I’m excited that you drew a link between hip-hop and folk. I’ve been thinking about this for a while now. Hip-hop, being very much a folk art, is often overlooked. When listening to specific folk music there’s a very real parallel that can be drawn to some of my favourite hip-hop lyricists and I think it’s the quality of “poetic vulnerability”. Hip-hop and folk music both connect to a true sense of passing on a story of the community in a way that a lot of genres have disconnected from. The two cultures are very much person and community centred with the story of a community at the heart.
Something else that they both share is you can make both genres without any kind of real academic understanding. In hip-hop, you might smash a soul record, and put the pieces back together in the way you want. And in folk music, you’re playing quite simple chords and melodies, but imbuing it with the passion of your own community, and that’s what makes it folk. From a purely faculties perspective, it’s still completely possible to make both of those genres without much money put into it at all.
We’re in a global pandemic, and you’re still creating and expressing. Tell me a bit about your new piece, ‘The Strife Aquatic.’
Eerily, some of the lyrics of ‘The Strife Aquatic’ are quite old, but seem to be making a lot of sense with what’s going on right now. The first verse of the song is about a job I was doing, and then about moving to Iceland and escaping the sort of mundane, almost solitary nature of the job. The second verse is about returning post-getting-ill and having another crappy job, but escaping through playing shows and having that catharsis.
The video is wholly directed, created and edited by Anna Rocchi, who is a wonderful analogue photographer. We shot the video over lockdown. It’s almost like lockdown was another bind or something to get away from but the video was this very joyous expression of getting away.
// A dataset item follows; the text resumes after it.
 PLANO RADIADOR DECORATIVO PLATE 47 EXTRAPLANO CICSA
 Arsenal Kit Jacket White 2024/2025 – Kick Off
Can you tell me about your artistic choice to use auto-tune as a creative tool on ‘The Strife Aquatic’?
I think auto-tune is beautiful. I think it’s the most incredible tool. Even though you hear it everywhere and it’s been prevalent since the early noughties when Cher did Believe or whatever, I still think there’s ingenious ways to use it. I don’t think we’ve even scratched the surface of what I think it can do. Early on I used to hide my voice because I wasn’t comfortable with singing so much, but now I think that it just adds something lovely to the pallet. I use a hard tune – it’s not a computer. I use a physical box, so I can use it for live shows. Sometimes I put the saxophone through it. There’s lots of artists now using it in creative ways like Mathew Lee Cothran of Elvis Depressedly – he’s a fella who’s doing it, and I wish I could make it sound half as good as he does. There’s just so much range of sound for it. You can growl through it, sing down it, whisper down it and everything just sounds completely different to the original source, in a really chaotic and erratic way that I like.
I’ve had the pleasure of playing a bunch of live shows with you. I feel the Paranoid King persona comes alive on stage. What’s your approach with the performance-art element to your work?
You’re definitely right. I mean everyone becomes the best version of themselves or the person they most want to be when they’re performing on stage, mostly. The APK persona definitely comes out there. The live show is built out of necessity because I have no friends… well, I do have friends and sometimes play with a band, but often I can’t. That’s why I use backing tracks, and to keep things interesting for an audience, splitting between guitar and saxophone. It’s meant to be erratic and I don’t think it could work if it wasn’t.